→ **Assignment**:
When the data below is printed, every line must match exactly and the images must be absent.

→ **Given data**:
Segment Open

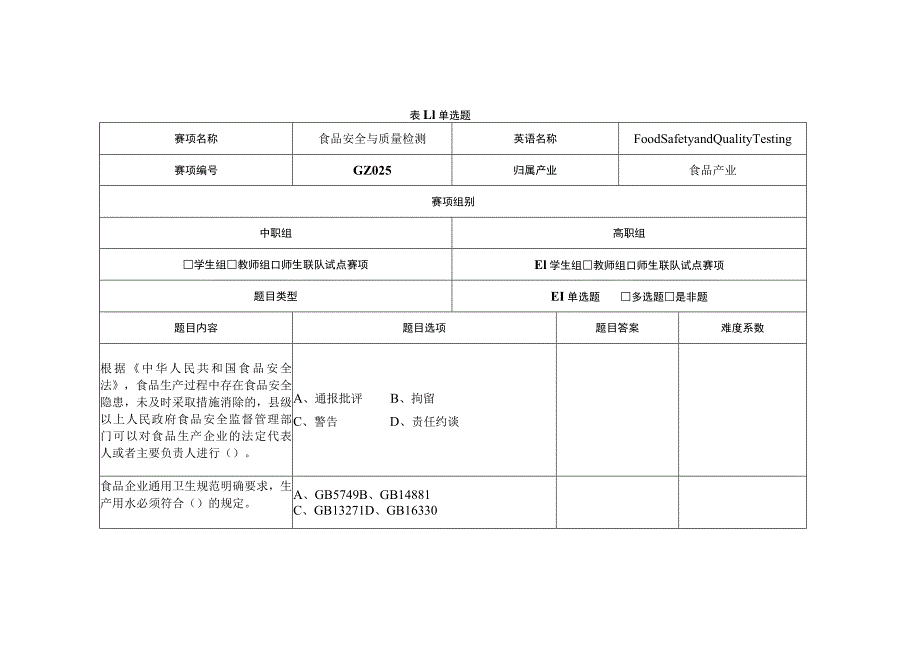 GZ025 食品安全与质量检测赛题第1套-2023年全国职业院校技能大赛赛项赛题.docx_第1页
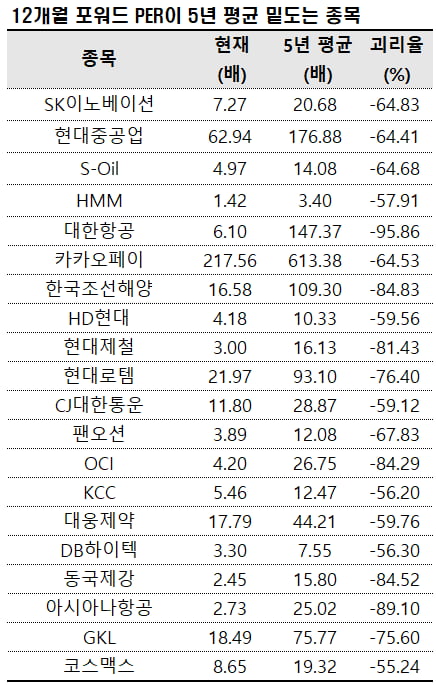 자료=에프앤가이드 데이터가이드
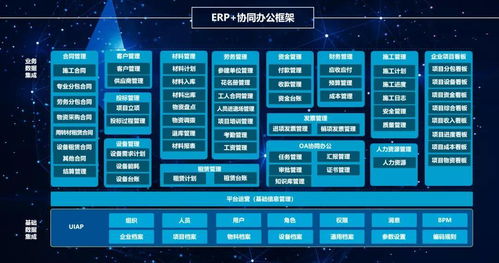 oa江湖,誰(shuí)主沉浮丨一款專(zhuān)為建筑行業(yè)量身打造的oa系統(tǒng)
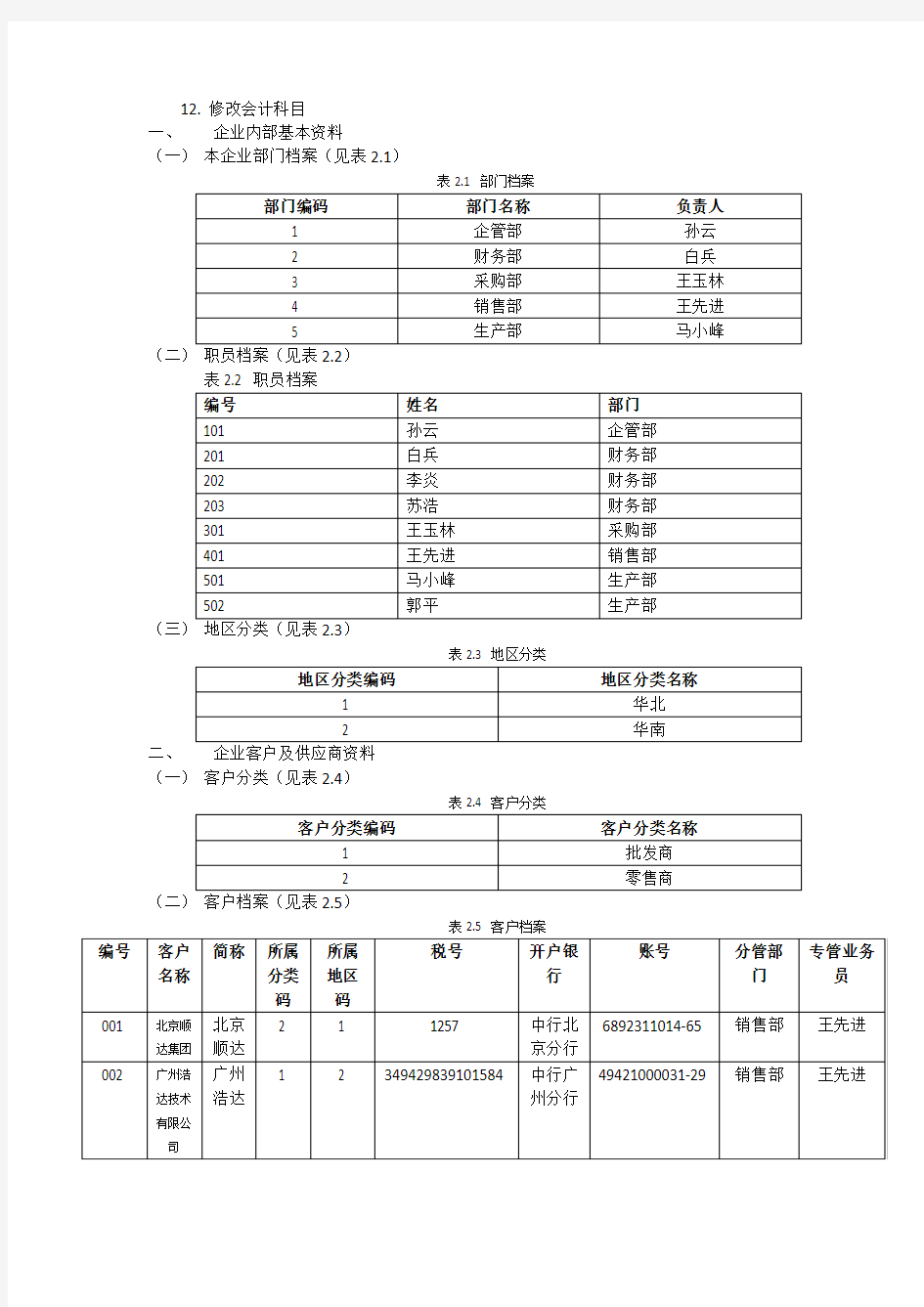 会计电算化T3模拟练习题(含购销存有操作流程)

Segment Closed

→ **Answer**:
 GZ025 食品安全与质量检测赛题第1套-2023年全国职业院校技能大赛赛项赛题.docx_第1页
 자료=에프앤가이드 데이터가이드
 oa江湖,誰(shuí)主沉浮丨一款專(zhuān)為建筑行業(yè)量身打造的oa系統(tǒng)
 会计电算化T3模拟练习题(含购销存有操作流程)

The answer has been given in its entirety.